Em princípio, o orçamento constitui parte integrante da democracia política e instrumento da correta alocação dos recursos financeiros na construção de uma sociedade próspera e justa.
No caso brasileiro, desde os “orçamentos rabilongos” da Velha República aos dias atuais, o processo orçamentário tem sofrido os efeitos de uma cultura política permeada pelos vícios do patrimonialismo e do clientelismo, agravados pelas rupturas autoritárias do estado novo, do regime militar e os momentos críticos para gestão orçamentária, devastada por uma inflação crônica e o descontrole estrutural das contas públicas.
A despeito da enormidade dos desafios, a redemocratização com a Constituição de 1988 e a estabilização da moeda com o Plano Real, foram caminhos que possibilitaram o enfrentamento de graves adversidades, inclusive uma superposição de crises que ameaçou a resistência da República Brasileira.

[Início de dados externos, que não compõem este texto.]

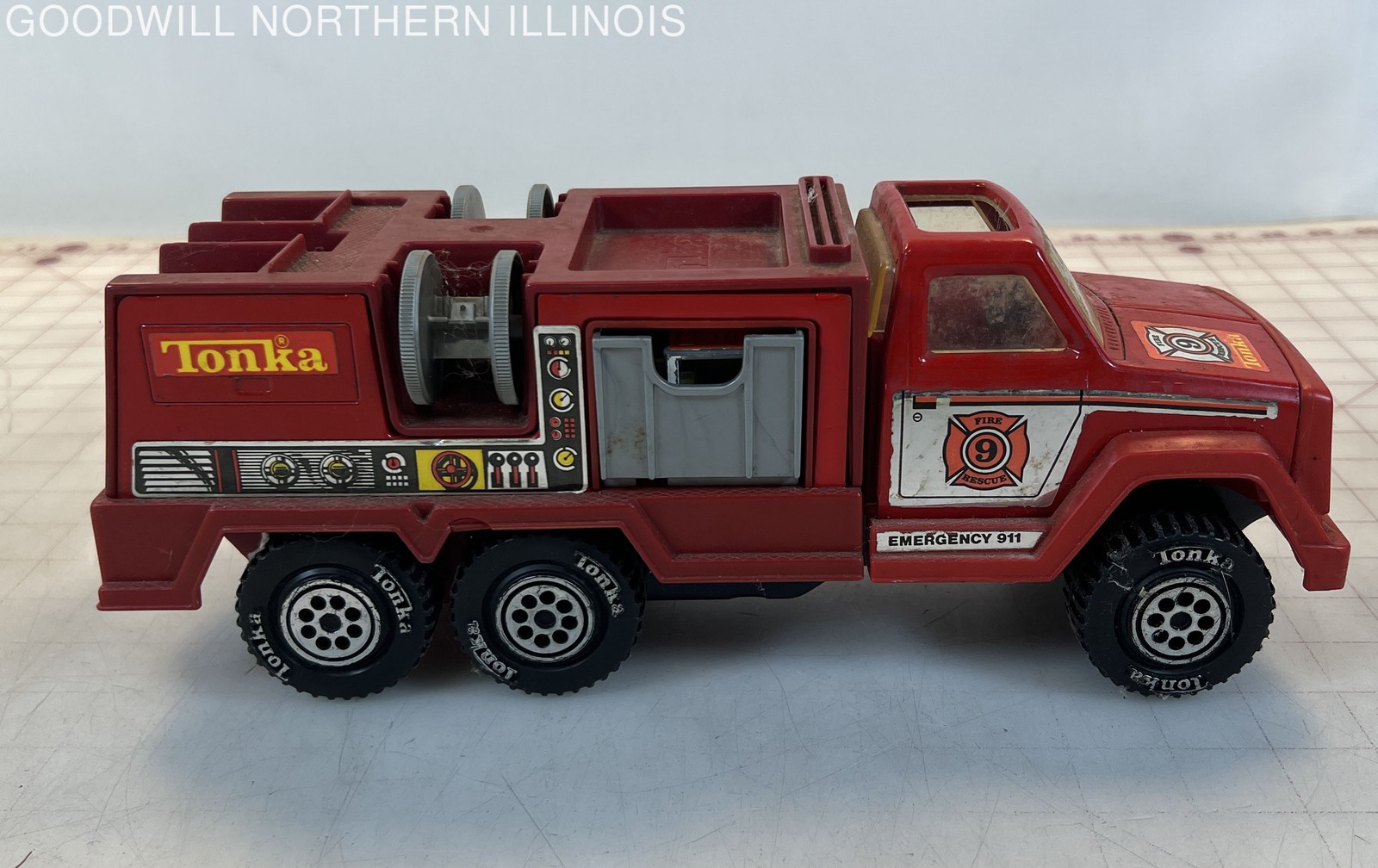 Vtg Tonka #9 Fire Engine Rescue Emergency 911 Red Plastic/Metal Toy Truck Car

Por decorrência da trajetória política, vivi uma diversificada experiência na gestão orçamentária ao exercer mandatos nos Poderes Executivo e Legislativo e nas três esferas da Federação Brasileira. E sigo observando.
Descontado o período do governo militar em que o Orçamento “faz de conta” entrava e saia do Legislativo sem alterar uma vírgula, registrei algumas constatações: tudo é prioritário, máxima que atesta que nada é prioritário; as demandas colocam frente a frente a utopia da abundância (receita) com severa realidade da escassez (despesa); as demandas corporativas superam as demandas dos interesses gerais, porém, órfãos; o aumento de arrecadação é sempre uma solução simples, burra e injusta: pune o mais pobre; receita vinculada transforma a prioridade que é contingente numa eterna necessidade; equilíbrio orçamentário é uma profanação neoliberal; contingenciamento é o caixa mentindo para a rubrica orçamentária; a Lei Orçamentaria é uma norma híbrida: parte é autorizativa e parte impositiva, ganhou o ouro olímpico ao destronar o inacreditável orçamento secreto.

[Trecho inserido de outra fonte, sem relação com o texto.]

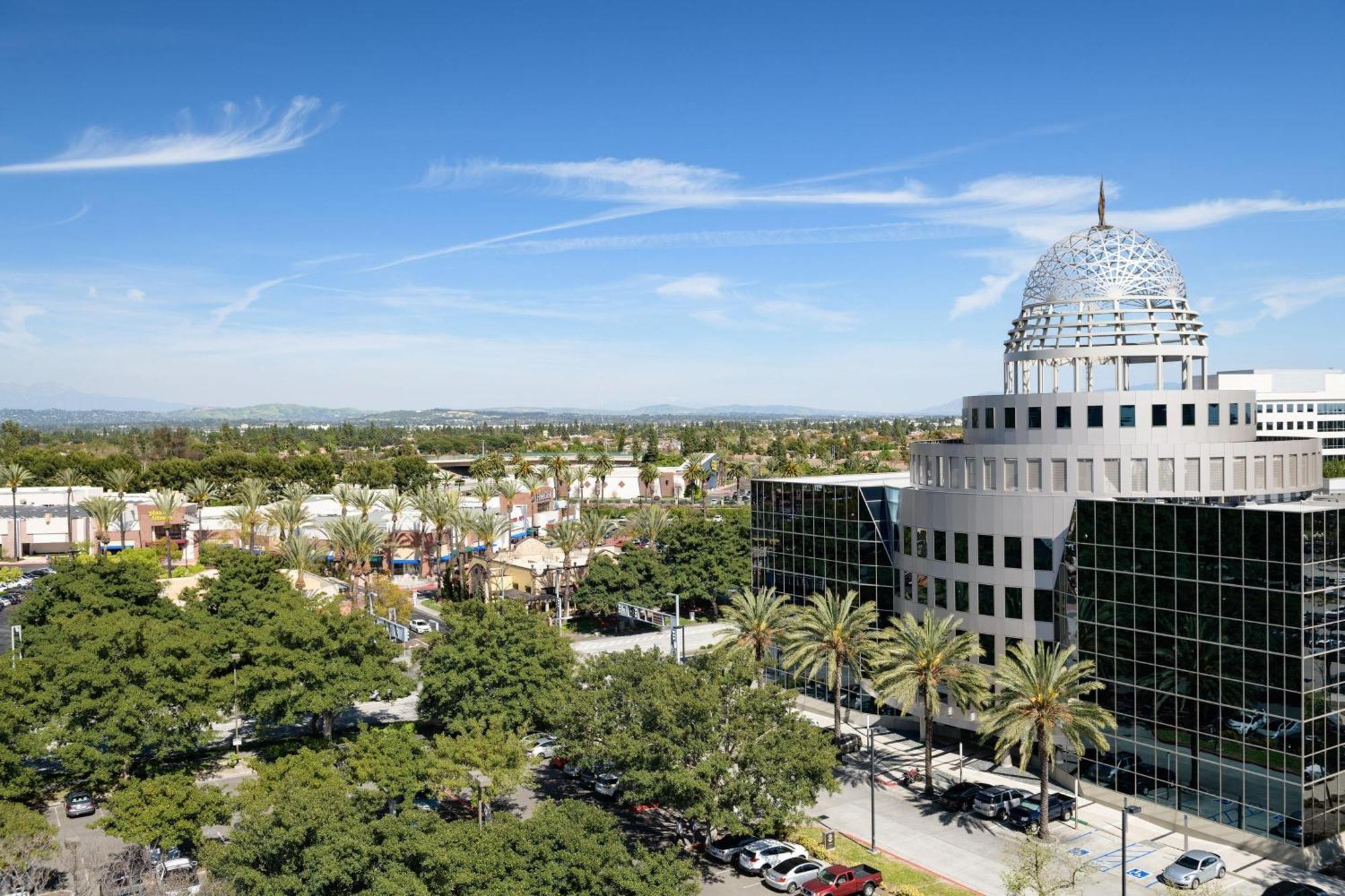 Hotel Sheraton Cerritos Buena Park Esterno foto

Para não dizer que não falei de números, destaco um dado assustador: num orçamento de R$ 5,8 trilhões o governo só pode gastar R$ 11,7 bilhões. O país segue literalmente sob o fogo cerrado das inúmeras dificuldades e disfuncionalidades do sistema político que tem no Orçamento Público uma espécie de precário suporte da fragmentação política e, ao mesmo tempo, o “argumento” para segurar o que restou do “presidencialismo de coalizão” em nome da governabilidade.
Para finalizar cabe uma breve consideração sobre o volume das emendas parlamentares que apresentou uma evolução exponencial de R$ 9, 66 bilhões em 2015, para R$ 44,67 bilhões em 2024, sendo R$ 25,07 bilhões de emendas individuais, R$ 11,05 bilhões de emendas de comissões e 8,56 bilhões de bancadas estaduais.

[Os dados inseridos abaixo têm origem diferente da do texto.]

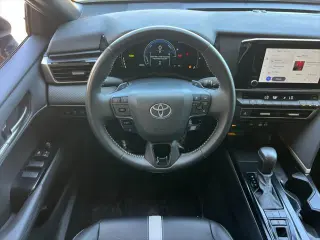 Toyota Camry 2025 SE 4dr Sedan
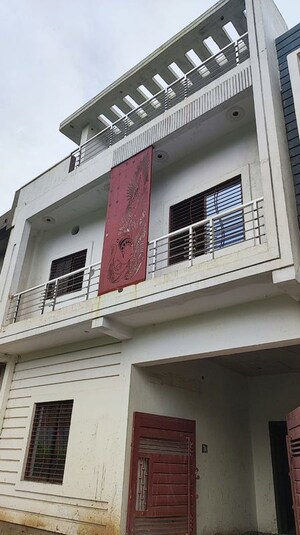 3 BHK Independent House For Sale in Soyepur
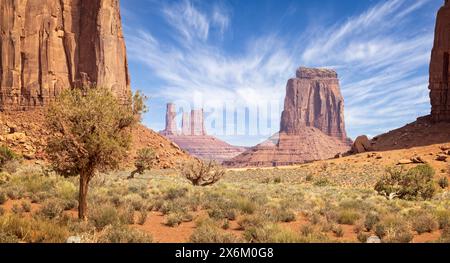 Große rote Sandsteinfelsen und Turmformationen im Monument Valley vom Talboden in Arizona, USA am 22. April 2024 Stockfoto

Não tenho os pendores ingênuos da “velhinha de Taubaté, personagem de humor criada por Luís Fernando Veríssimo, durante o governo do General João Figueredo, famosa por ser a última pessoa no Brasil que ainda acreditava no governo, por isso acredito de verdade que, após a decisão do Ministro Flavio Dino sobre a inconstitucionalidade do caráter impositivo das emendas e a nota conjunta dos Poderes sobre a execução das propostas, inverta-se o jogo: que o orçamento seja real para a maioria, os eleitores, e reprovável benesse para uma privilegiada minoria de parlamentares.